App and web browser developer Mozilla just released its own very specific guidelines for a federal privacy law. It’s more consumer-centric than the positions of other tech companies, although it does align with comments from some tech industry representatives before the Senate a month ago, where they said they wanted a “stronger” federal privacy law than the consumer-centric California Consumer Privacy Act (CCPA).
Mozilla’s guidelines join the growing list of privacy law drafts and proposals from consumer advocates like the Center for Democracy and Technology and senators like Catherine Cortez Masto (D-Nev.) and Brian Schatz (D-Hawaii).
Some consumer advocates like the Electronic Frontier Foundation (EFF) worried in the past that tech companies’ privacy positions and proposals would be pro-business and not pro-consumer, but Mozilla’s guidelines, Apple CEO Tim Cook’s January op-ed and Facebook CEO Mark Zuckerberg’s recent op-ed suggest that a growing number of tech companies think a consumer-centric law like the European Union’s GDPR is a good model for a U.S. federal privacy law.
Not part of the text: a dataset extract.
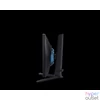 Kép 3/5 - SAMSUNG 24 LS24DG302EUXEN FHD VA 16:9 1MPRT monitor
Of course, part of the support for GDPR-like legislation revolves around compliance. Business operations for tech companies will be easier if there’s a universal privacy standard that’s mostly the same across different countries and continents. Europe already set a privacy precedent, and tech companies want to avoid a global patchwork of privacy laws.
Like GDPR and the CDT’s legislative proposal, Mozilla’s guidelines call for more corporate responsibility regarding user data. Mozilla highlights principles like limiting data collection to only data necessary to provide a certain product or service, deleting user data no longer needed by the company, and deleting user data upon a user’s request.
The guidelines also state a list of “authorized uses” for data collected by a tech company, so as to maximize consumers’ privacy.
“Covered entities have an obligation to protect the security and privacy of personal data,” the company said, according to the document.
Mozilla also calls on the Federal Trade Commission (FTC) as the primary enforcer of any future federal privacy law.
“In particular, the FTC will have the authority to issue rules and levy penalties regarding the use of dark patterns by covered entities to compel users to divulge personal information, spend money, or share personal contacts (e.g. friend spam),” Mozilla said.
CDT’s Director of the Privacy and Data Project Michelle Richardson, who helped draft the CDT’s privacy bill, told InsideSources that Mozilla’s guidelines have great ideas.
“They are much more specific than some of the other corporate proposals, which is a good sign. They really care about corporate responsibility for data use,” she said, pushing back on “soft touch” proposals that put the onus of privacy responsibility on users. “It’s really nice to see someone in the tech industry embrace limitations on data collection and use.”
The CDT’s privacy bill also calls for limitations on data use and collection.
“The collection and use of data is really important to see from a tech company,” she said. “That’s really what’s most important to us. It’s a forward and consumer-centric approach to privacy. It’s really saying, what do companies owe their consumers? Not, what toggles can we give consumers to flip off and on to share what with who and when and for what purpose? That’s just not going to happen. This puts the [responsibility] on the company.”
Richardson said one of the only qualms she has with Mozilla’s guidelines is that it doesn’t address the transparency and information problem regarding users’ privacy.
“There isn’t a consent override to all of these protections,” she said. “If there’s a consent override to every one of your rights or corporate responsibilities, you encourage the continuation of the current practice, to gain the box checking, like how do I just encourage people to check the box [of the Terms of Service]?”
Cook also brought up transparency and consumer education as it relates to privacy in his January op-ed for TIME.
“Right now, all of these secondary markets for your information exist in a shadow economy that’s largely unchecked—out of sight of consumers, regulators and lawmakers,” he wrote. “Let’s be clear: you never signed up for that. We think every user should have the chance to say, ‘Wait a minute. That’s my information that you’re selling, and I didn’t consent.'”
Mozilla’s guidelines are very specific regarding what a company should and shouldn’t do, a stark contrast to some of the vague language used by tech companies when pressed on privacy issues.
“[Other companies] might balk at how specific it is,” Richardson said. ‘They’re looking at more vague language to make it harder for regulators to pin them down.”